More about this here. [devblogs.microsoft.com]
Anyways I'm here because I want to do RSR for about 85% of 1080p so it looks amazing and gives performance. FSR 2.0 freaking hate the ghosting, FSR 1.0 in "Ultra Quality" is around 77% of the screen and I want 85% so the image is waaaay better.
Plus FSR 2.0 is heavier to do and why would I want to do an extra FSR 1.0 algorithm when I have in driver RSR for no extra cost.
It's not actual fullscreen, it's something called Flip Mode which is just a fullscreen optimisation for windowed applications.

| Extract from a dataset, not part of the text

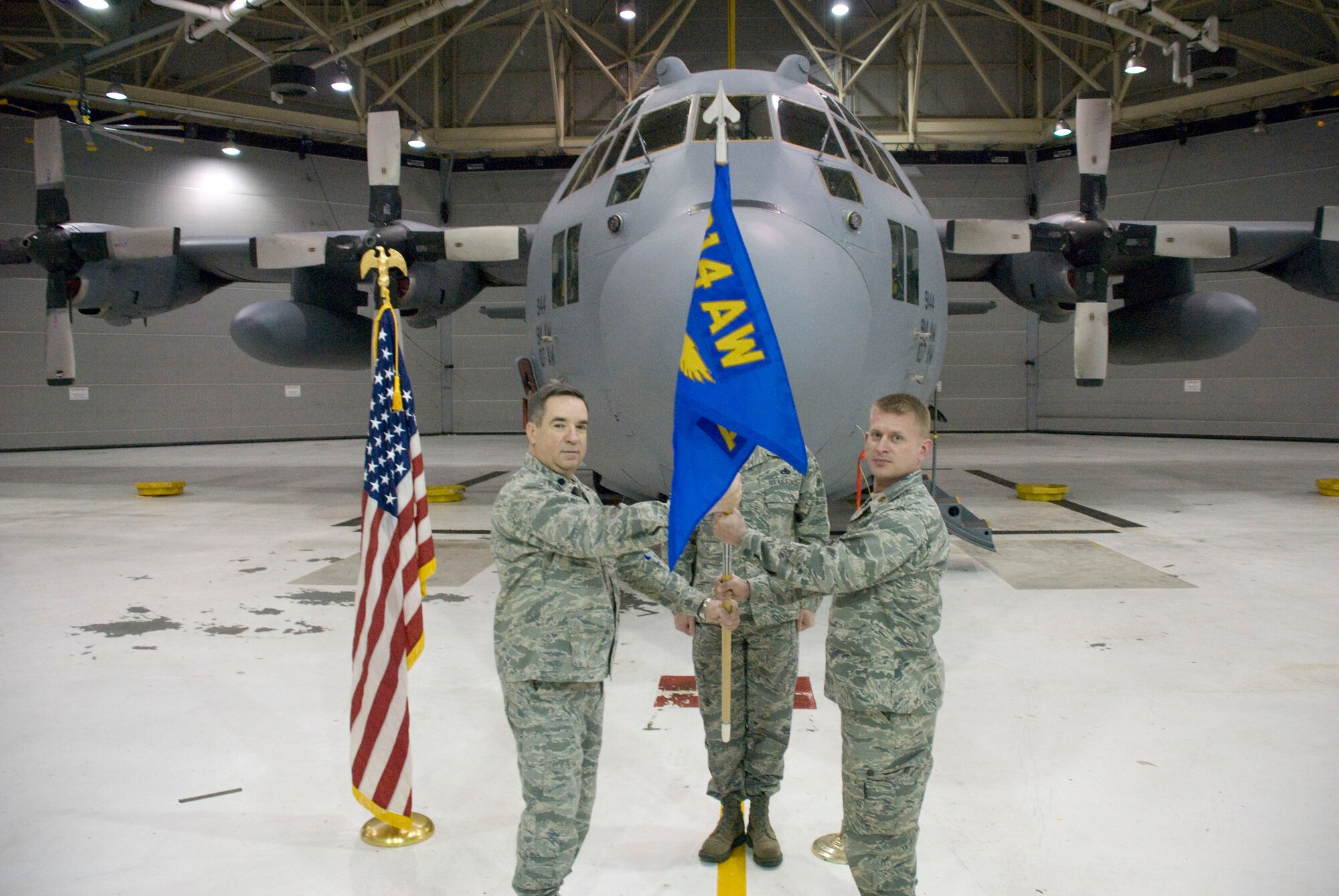 Maj. Trevor  Sthultz (right) receives the 914th Aircraft Maintenance Squadron guidon from Maintenance Group Commander Lt. Col James Bayone and thereby assuming command of the squadron at the Niagara Falls Air Reserve Station, N.Y. April 6, 2013.  Stultz, who came to Niagara from Wright-Patterson Air Force Base in Ohio, will command more than 60 Airmen in the 914th AMXS. (U.S. Air Force photo by Tech. Sgt. Andrew Caya)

It has two varients, iFlip independent (supports vsync) and iFlip immediate (no vsync support but better latency).
Developers used to have to manually maintain control of the display adapter (the GPUs representation in software) with exclusive fullscreen, if they didn't and the adapter was lost (which happened a lot in exclusive fullscreen) they'd have to restart it or the game would just lock players out and they'd have to restart their PC. If you've ever had a game go completely black and then crash, that's what it was.
That wouldn't change. Flip model is significantly improved over exclusive fullscreen - if you're stuttering currently, hacking in a fake exclusive fullscreen mode isn't going to do anything for you.
And adding a DX11 mode will make the game run even worse. Remember that DX11 is still largely single threaded for drawcalls and most of everything else it does. They'd have to completely rebuild and reoptimize the game in order to not get CPU bound on multicore CPUs. DX11-based games that have good multithreading have had an absurd amount of work done just on that aspect alone, hence why there aren't very many.